Favourite moments in 2018
Once again, we were spoilt for choice this year as the commercial and independent sector delivered a mixed bag of delights. But three shows have resonated with me this year:

Calamity Jane
Big, bold, brash and brassy, Richard Carroll’s exuberant re-imagining of the 1950’s cult film hits its target in every department. Central to its success is Virginia Gay’s brilliant performance as Calamity Jane. A gift that keeps on giving, it is currently playing a sold out encore season at Arts Centre Melbourne before transferring to the Comedy Theatre in January.

Commissioned by Arts Centre Melbourne as part of the Melbourne Fringe Take Over! initiative, Colossus was excitingly compelling and mesmerising as 50 dancers converged on the Fairfax stage. A surprise hit of the Melbourne Fringe, Stephanie Lake’s work was worthy of a main-stage festival offering.

Die Meistersinger von N├╝rnberg
A co-production with the Royal Opera House Covent Garden, Opera Australia’s new production by celebrated director Kasper Holten was a grand and extravagant night in the State Theatre. Wagner aficionados were not disappointed with an all-star cast and Mia Stensgaard’s set – that was one of the largest ever seen in Melbourne.

Looking forward to in 2019
Muriel’s Wedding the Musical
Directed by Simon Phillips, a theatrical version of PJ Hogan’s iconic hit film features music and lyrics by Australian award winning songwriters Kate Miller-Heidke and Keir Nuttall. I was lucky to see MW during its premiere Sydney run in late 2017. With a new cast, it will look absolutely gorgeous in Melbourne’s Her Majesty’s Theatre.

Come From Away
This Tony Award–winning musical tells the true story of the 38 planes and more than 6500 passengers who were unexpectedly forced to land in Gander, Newfoundland in Canada after the September 11 terrorist attacks in New York. Writers David Hein and Irene Sankoff used hundreds of interviews taken from the community in Gander to deliver a powerful message about the kindness of strangers. A terrific all-Australian cast will bring this show to life at the Comedy Theatre in July.

The Lady in the Van
Alan Bennett’s mostly true story of the fascinating relationship between the award-winning British writer and his long-term guest. Starring the effervescent Miriam Margolyes as the eccentric and cantankerous Miss Shepherd – The Lady in the Van will be a great opener for MTC in 2019.

It has been 20 years since the stage adaptation of Tim Winton’s award-winning novel, Cloudstreet has been presented on the Merlyn Stage. Matthew Lutton directs an all-star cast in this epic production that chronicles the lives of two working class families in Perth in –World War II Australia.

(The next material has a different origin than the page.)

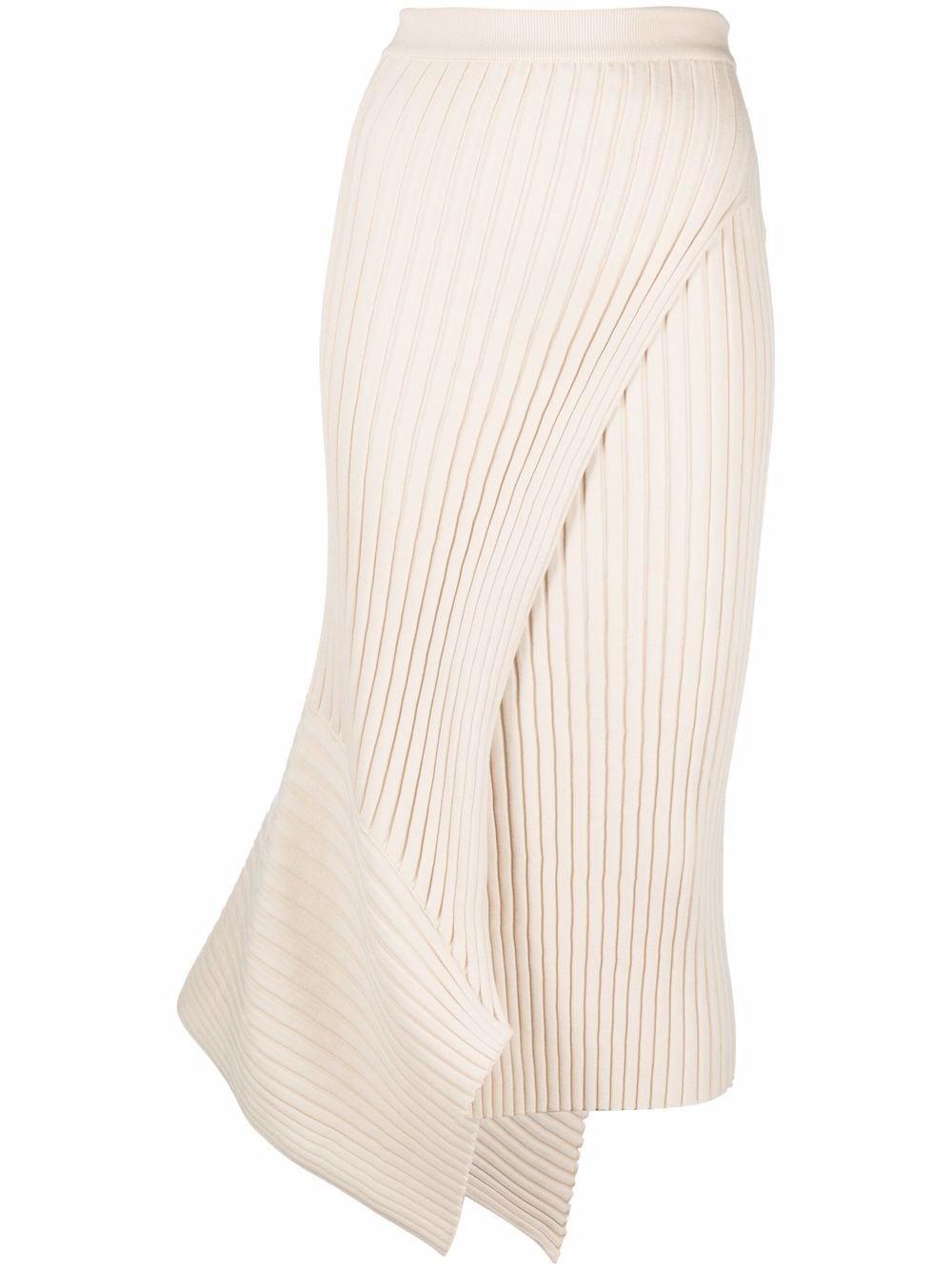 Asymmetric Panel Ribbed Skirt In Neutrals Product Image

SM: Rohan and I don't agree about a lot of shows, but he's still the person I totally trust if I'm not sure if I should see a musical. Or if I need to know anything about any show that's been on in the last 30 to 40 years.  Australian Arts Review is another independent arts media site that keeps covering more shows and artists than any of the mastheads. Maybe 2019 needs to be the year when indie arts media gets the love it deserves.